_THE TASK_
The answer should contain every record below, output exactly.

*** Opening MATERIAL FOR THIS EXERCISE ***

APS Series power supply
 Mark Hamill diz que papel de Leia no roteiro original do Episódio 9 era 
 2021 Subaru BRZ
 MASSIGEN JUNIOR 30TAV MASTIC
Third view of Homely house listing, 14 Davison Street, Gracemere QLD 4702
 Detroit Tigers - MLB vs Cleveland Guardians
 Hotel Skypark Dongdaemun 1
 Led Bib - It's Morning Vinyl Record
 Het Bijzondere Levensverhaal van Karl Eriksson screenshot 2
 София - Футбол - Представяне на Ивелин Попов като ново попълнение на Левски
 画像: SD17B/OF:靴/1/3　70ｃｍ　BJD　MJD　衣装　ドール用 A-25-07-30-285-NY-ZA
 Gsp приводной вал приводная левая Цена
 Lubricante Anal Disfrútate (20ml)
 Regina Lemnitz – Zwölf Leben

*** Closing MATERIAL FOR THIS EXERCISE ***

_RESULT BELOW_
APS Series power supply
 Mark Hamill diz que papel de Leia no roteiro original do Episódio 9 era 
 2021 Subaru BRZ
 MASSIGEN JUNIOR 30TAV MASTIC
Third view of Homely house listing, 14 Davison Street, Gracemere QLD 4702
 Detroit Tigers - MLB vs Cleveland Guardians
 Hotel Skypark Dongdaemun 1
 Led Bib - It's Morning Vinyl Record
 Het Bijzondere Levensverhaal van Karl Eriksson screenshot 2
 София - Футбол - Представяне на Ивелин Попов като ново попълнение на Левски
 画像: SD17B/OF:靴/1/3　70ｃｍ　BJD　MJD　衣装　ドール用 A-25-07-30-285-NY-ZA
 Gsp приводной вал приводная левая Цена
 Lubricante Anal Disfrútate (20ml)
 Regina Lemnitz – Zwölf Leben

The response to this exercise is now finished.